Additionally, there is at least one other person who experienced the same issue while loading data today. They decided to switch tasks because the cookbook was not loading any of the data they needed. Unlike me, they were using ARE to access GADI.

Any help will be appreciated.

Denisse

1 Like

I’m using analysis3-unstable, and this is also taking a really long time for me, and consuming an unreasonable amount of memory (over 25Gb).

CPU times: user 17min 27s, sys: 21min 5s, total: 38min 32s
Wall time: 38min 24s

By adding a few arguments to skip the coordinate verification, this was relatively fast for me (on a login node):

In [42]: %time sis = cc.querying.getvar(
                       "01deg_jra55v140_iaf_cycle4", "aice", s,
                       start_time="1968", compat="override", coords="minimal"
                     )    
CPU times: user 2min 45s, sys: 1min 40s, total: 4min 26s
Wall time: 2min 54s

The long sys time indicates that it spent a long time doing IO, probably because it’s reading 4x2D grids out of every file, and then comparing them all. Maybe this doesn’t come up as badly for the ocean data because it’s not output on a curvilinear grid?

This was brought up before:

With the suggested fix being to use decode_coords=False, as demonstrated in the ice plotting recipe. This gives me very similar timing to above:

In [61]: %time sis = cc.querying.getvar(
                       "01deg_jra55v140_iaf_cycle4", "aice", s,
                       start_time="1968", decode_coords=False
                     )
CPU times: user 2min 39s, sys: 1min 31s, total: 4min 11s
Wall time: 2min 34s

The difference between the two methods is that the first one will give you TLON, TLAT, ULON, ULAT (in addition to time) as coordinates on the resulting DataArray; whereas the second one will only give you a time coordinate – the spatial dimensions just have integer indices.

2 Likes

Wondering if we can test whether this is:

  1. a database problem, in that the cookbook is taking a long time to find the files/metadata; or
  2. a structural problem with the way ice data is saved (either in cycle 4, or more generally?)

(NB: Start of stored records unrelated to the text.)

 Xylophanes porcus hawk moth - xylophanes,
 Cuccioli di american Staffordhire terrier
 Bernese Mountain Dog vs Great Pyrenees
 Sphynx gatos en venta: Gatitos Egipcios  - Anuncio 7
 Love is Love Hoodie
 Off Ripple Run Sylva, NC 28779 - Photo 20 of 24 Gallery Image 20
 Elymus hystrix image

@rbeucher and @dougiesquire are looking at ways to improve data catalogues, and it would be nice to know if this problem depends on the database itself …

In this case, it’s option 2: it’s just the way CICE’s sea ice data works (the GitHub issue has a little more technical detail – it would more generally apply to any output with 2D coordinates that get brought in). We could work around it in the cookbook, by doing things like:

  1. different defaults for coords, compat, etc. options for open_mfdataset
  2. default to decode_coords=False (I don’t think this is a good idea)
  3. detect if a variable’s coordinates are 2D at query time and throw a warning, with suggestions for options to speed up the load and/or a link to a notebook demonstrating the difference

Part of the issue is that maybe we can’t (shouldn’t?) necessarily rely on all the files within an experiment being self-consistent to the point that we can use the nested method of concatenating files and assuming that the coordinates all line up. That probably falls more on the data cataloguing side of things.

Yes, I wonder if checking that all the data in an experiment can be concatenated could be something that is done once when the experiment is added to the database? Then compat="override" and coords="minimal" could safely be used by default.